Don’t Breathe

As horror very much yes. As thriller, no. (Warning regarding sexual violence if you do choose to watch it).

We are in Detroit. A trio of teens break into houses and steal just under $10,000 for various ends? You see, one of these teens has a father who works for a home security company, giving him access to all the keys and gadgets required to pull off a break in. Their fence is playing hard ball and their cut is shrinking with each take. But then they catch wind of the perfect catch, a blind man who lives alone in a deserted neighbourhood. Said blind man came into money after a massive settlement when a rich girl ran over and killed his daughter.
How hard can it be to break into and rob the house of an old blind man?
Don’t Breathe is a big step up technically from the Evil Dead Remake.
It is, in fact technically proficient to surprising degree. It is quite an effective little shocker. On a technical level.
I cannot say that enough.
Everything from the sound design to the grotesque green and yellow colour palette to the camera work all combines to create a whole that is greater than the sum of its parts. It is incredibly confident. Chekhov’s guns are made evident, the geography of the house is laid out, and a red herring or two is planted all within the first few minutes of the break in. The formal elements all work towards ramping up tension. There is one sequence in particular taking place in a dark basement that is incredibly inventive, and all the more tense for it.
Gosh, even the setting of a decrepit Detroit adds a further layer of desperation to the film.
Okay, okay, point made. On an aesthetic level, Don’t Breathe is hitting out of the park. But what about the characters? They are for the most part your typical morally bankrupt teen slasher characters. Money, the muscle behind our delinquent trio is most likely named after his sole character motivation. I honestly cannot remember the names of the other two characters (though given this is a known deficit of mine, I am not sure I can blame the movie for this). There is the young lady who lives with an abusive mother and who wants to move to California with her younger sister. Then there’s the third dude, whose motivation is “girl, ???, profit,” and his sole character trait is that he spouts Hollywood legal information about how to get away breaking and entering without it being a felony. 
And the old man is some kind of blind super man, capable of incredible displays of sensory perception, beyond what you could probably expect of a war veteran who took shrapnel to the face. His character motivation starts off simple and easy to sympathise with, to get the kids out of his house so he can be at peace with his attack dog. His methods, however are brutal and without sympathy.
Here’s where Don’t Breathe gets interesting in a similar way to You’re Next gets, except without the black comedy inherent in the situation. This is a home invasion thriller where the home invaders are the ones in danger. 
But here is also where things get tricky on a genre level. In You’re Next, you are rooting for the home owners to prevail against the invaders. In Don’t Breathe, you’re rooting for the home owner to prevail against the invaders, who just so happen to be our main characters, the ones we should be rooting for. And this is where Don’t Breathe starts breaking down, when taken as something more than an example of formal discipline.
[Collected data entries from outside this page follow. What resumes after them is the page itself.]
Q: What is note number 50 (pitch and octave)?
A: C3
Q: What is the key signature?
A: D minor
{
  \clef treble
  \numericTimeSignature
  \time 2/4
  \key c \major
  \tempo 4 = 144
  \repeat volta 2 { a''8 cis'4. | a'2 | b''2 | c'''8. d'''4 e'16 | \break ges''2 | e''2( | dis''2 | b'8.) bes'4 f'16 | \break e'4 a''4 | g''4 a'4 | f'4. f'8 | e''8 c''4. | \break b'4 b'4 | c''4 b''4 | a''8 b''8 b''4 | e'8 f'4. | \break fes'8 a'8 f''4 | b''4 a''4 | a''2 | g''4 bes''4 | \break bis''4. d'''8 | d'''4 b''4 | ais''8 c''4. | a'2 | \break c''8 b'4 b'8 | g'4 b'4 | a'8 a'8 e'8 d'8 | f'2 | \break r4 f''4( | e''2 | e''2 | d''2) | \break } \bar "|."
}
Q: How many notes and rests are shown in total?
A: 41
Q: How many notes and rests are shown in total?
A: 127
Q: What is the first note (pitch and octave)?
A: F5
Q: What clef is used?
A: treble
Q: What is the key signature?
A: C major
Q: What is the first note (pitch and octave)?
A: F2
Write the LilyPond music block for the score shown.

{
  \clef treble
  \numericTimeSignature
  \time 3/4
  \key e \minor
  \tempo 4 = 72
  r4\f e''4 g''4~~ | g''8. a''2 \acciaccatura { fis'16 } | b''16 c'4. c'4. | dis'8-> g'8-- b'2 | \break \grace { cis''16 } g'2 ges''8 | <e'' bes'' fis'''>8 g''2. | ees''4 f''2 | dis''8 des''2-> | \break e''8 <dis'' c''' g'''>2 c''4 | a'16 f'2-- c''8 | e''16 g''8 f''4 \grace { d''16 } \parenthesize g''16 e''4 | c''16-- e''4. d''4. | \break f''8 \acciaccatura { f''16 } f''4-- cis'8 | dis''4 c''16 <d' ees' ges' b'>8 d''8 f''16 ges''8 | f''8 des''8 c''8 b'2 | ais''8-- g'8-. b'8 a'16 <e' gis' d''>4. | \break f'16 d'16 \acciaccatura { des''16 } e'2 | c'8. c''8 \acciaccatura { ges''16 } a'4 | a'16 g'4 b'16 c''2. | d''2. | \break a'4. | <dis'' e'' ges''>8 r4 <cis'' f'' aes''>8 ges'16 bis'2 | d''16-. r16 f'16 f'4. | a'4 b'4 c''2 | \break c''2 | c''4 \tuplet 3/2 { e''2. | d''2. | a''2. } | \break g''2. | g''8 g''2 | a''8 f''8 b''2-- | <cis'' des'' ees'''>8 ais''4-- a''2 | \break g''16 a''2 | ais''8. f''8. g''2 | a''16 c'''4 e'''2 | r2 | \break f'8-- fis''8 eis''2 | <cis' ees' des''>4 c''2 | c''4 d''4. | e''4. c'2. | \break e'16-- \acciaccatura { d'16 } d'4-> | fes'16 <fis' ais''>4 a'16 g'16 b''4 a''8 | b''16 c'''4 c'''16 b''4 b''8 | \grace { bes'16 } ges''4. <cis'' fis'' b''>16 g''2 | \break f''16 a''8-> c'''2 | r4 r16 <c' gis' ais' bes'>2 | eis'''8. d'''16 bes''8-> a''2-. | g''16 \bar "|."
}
There are certain audience expectations when it comes to horror movies. Let me explain:
You wouldn’t normally be hoping for an armed veteran to murder a group of teenagers who broke into his house. It is morally questionable at best, but in real life, extra-judicial assassination is too extreme a punishment for the crime. HOWEVER in a horror movie, all bets are off. The genre works on a rather conservative moral compass, where any transgression is punished severely. So in the realm of the movie, the old man had the teens dead to rights. The audience expects and wants the teens’ transgressions to be punished.
But the movie also wants to play like a thriller with a mild socio-economic flavour to it, desperately wanting us to side with the teens and their desire to make a better life for themselves away from the corrupting influence of abusive adults. This is why you spend the first act paying lip service to their struggles (well at least the girl’s struggles). It’s pulls out all the stops to this end almost to the point of self sabotage. After its first act, it plays like a straight home invasion horror/thriller, sensational in its staging, but not crass in its content…
Until the third act. Until it flies off the rails into exploitation in a twist tailor made to make us sympathise harder than ever before with the teens. There are hints at it earlier on in the film, but the actual depths of crassness the full reveal sinks to is a bit too little too late for the rather slick, relatively non-grubby genre flick that came before. It does add a wrinkle of bittersweetness to the end, but it is something the movie could have done without.
And in all seriousness, it is something that could very well be triggering to survivors of sexual assault.
You have been warned.
But boy, from a technical perspective, it cements Fede Alvarez as a young genre director to look out for. Don’t Breathe is an exceptional aesthetic object in a time when such things are becoming increasingly rare in mainstream horror. Worth considering a watch on that level alone.